These are on top of colleague's commits:

U <- V <- W <- A <- B <- C

Now the colleague rebased his branch to new master, pushed to github repo which updated the PR then added a commit, pushed to github repo, then I resolved the conflicts on github and commited to the branch on github, then the colleague squashed two of the commits and added another one, and then our team lead chimed in and starts editing with github editor. So it ends up like this: [1]

X' <- A'' <- U -> C <- W -> B ---> L --> O --> O  
<--- master'      /    |                      /   <------ master
G ---------> M --/      \- abyssmal' <-- P --/

In other words, the original branches got quite irrelevant and the new state of things has very little to do with the original state. I think no git command manipulating the branches can really target this using . I only want to take the remnants of my work (in the form of few successive commits) and try to adapt it to today's codebase.
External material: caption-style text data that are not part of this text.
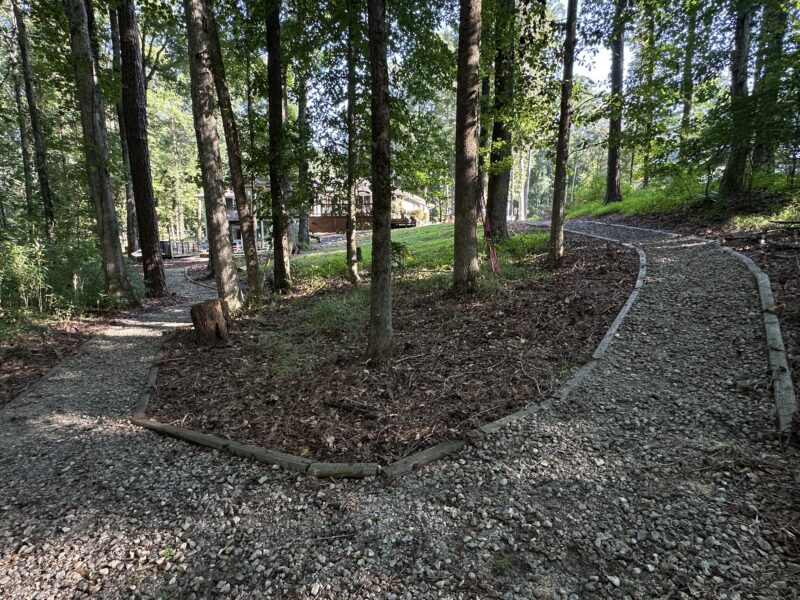 Luxury Fayetteville Retreat, Comfortably Sleeps 10 to 16, Only 20 Minutes From the Airport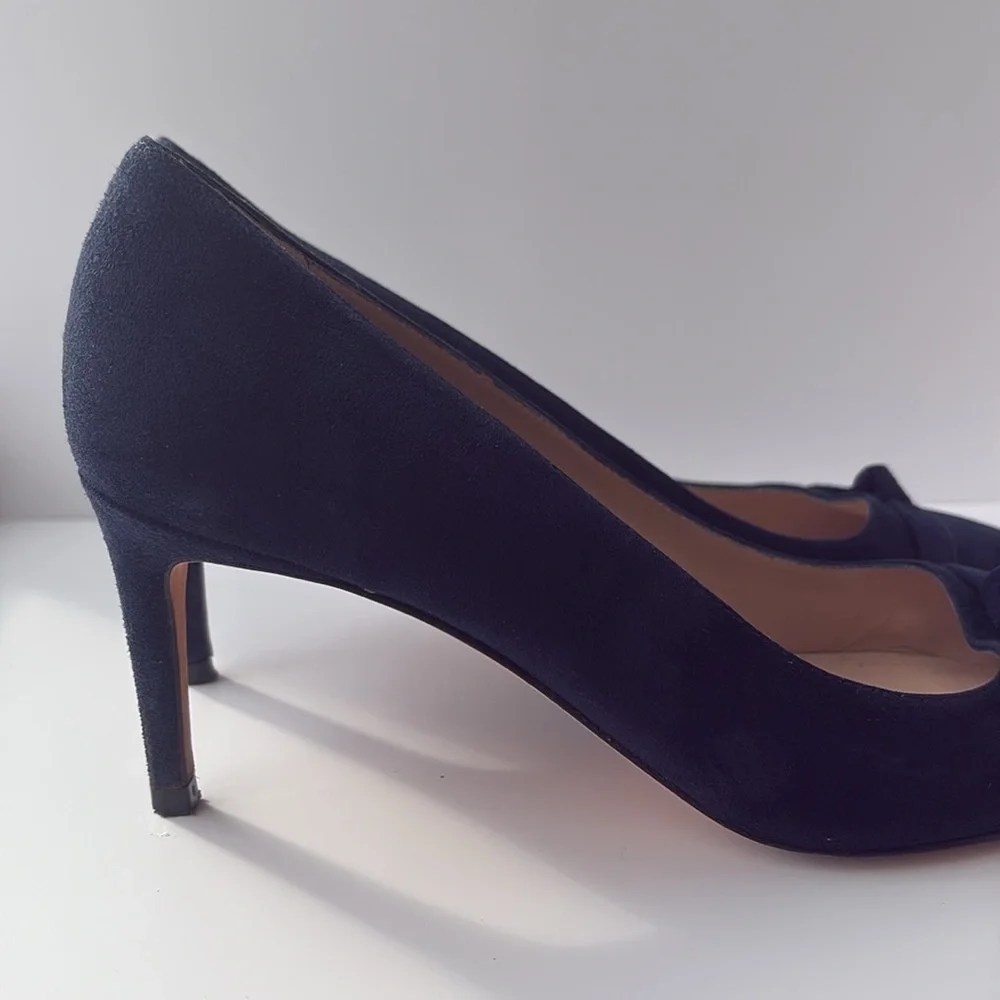 Stuart Weitzman excellent size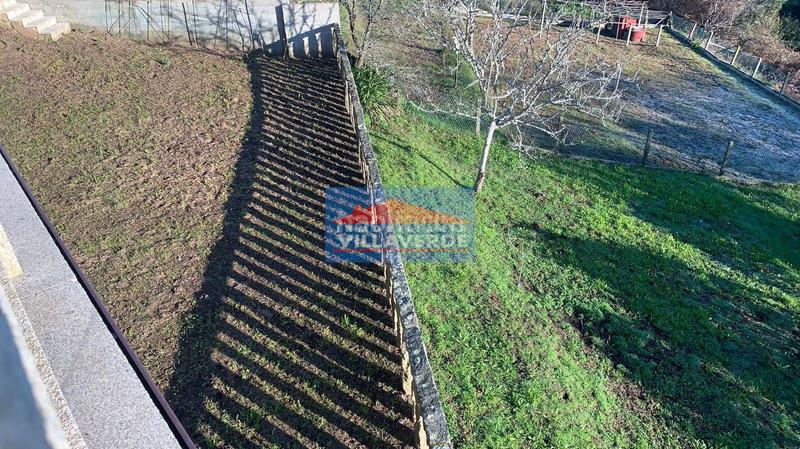 Foto 403d2c32-bf5c-43f8-ae36-27d317d64fb8. Chalet avec parking dans Darbo Cangas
I am writing the story because typically people try to offer solutions to my underlying problem, which is great, but I would prefer to know this particular operation, if github has means to do it. Also, I am stating that there are no branches because whenever few people work on one branch, things get messy quickly and branches loose any sense. Lack of discipline or using Git in a wrong way. I know. Not solving that, I will be happy with the solution to this.

All that matters to me is:


TL;DR:

How to copy any chain of commits (provided they are chained) to some other commit, in one command? I.e. I have:

...hicSuntLeones <- myCommitA <- myCommitB <- myCommitC <- whatever...

I want a super-simple command:

git copyCommits --since myCommitA --until myCommitC --putThemTo terraInrecognita

I want it to end up like this:

...terraIncognita <- myCommitA' <- myCommitB' <- myCommitC'

With intermediate conflicts resolving of course.


I was looking at git rebase --onto, but that seems to work with different logic that I need - it would let me "divorce" another branch, but I don't have that branch. If I understand it correctly.

I am looking around stack overflow and web, but still can't find. The git answers tend to explain how git works, how git rebase works, what is the contrast of the design philosophy of git with the philosophy of a more traditional source control tool like svn, how SCM works in general, how the relationships with parents are important and other things. I don't want to sound arrogant, but I am only looking for a command to do the above. Is there any? Thanks :)

[1] It's not really that bad, just normal daily chaos. But still it makes this approach easier than thinking in branches.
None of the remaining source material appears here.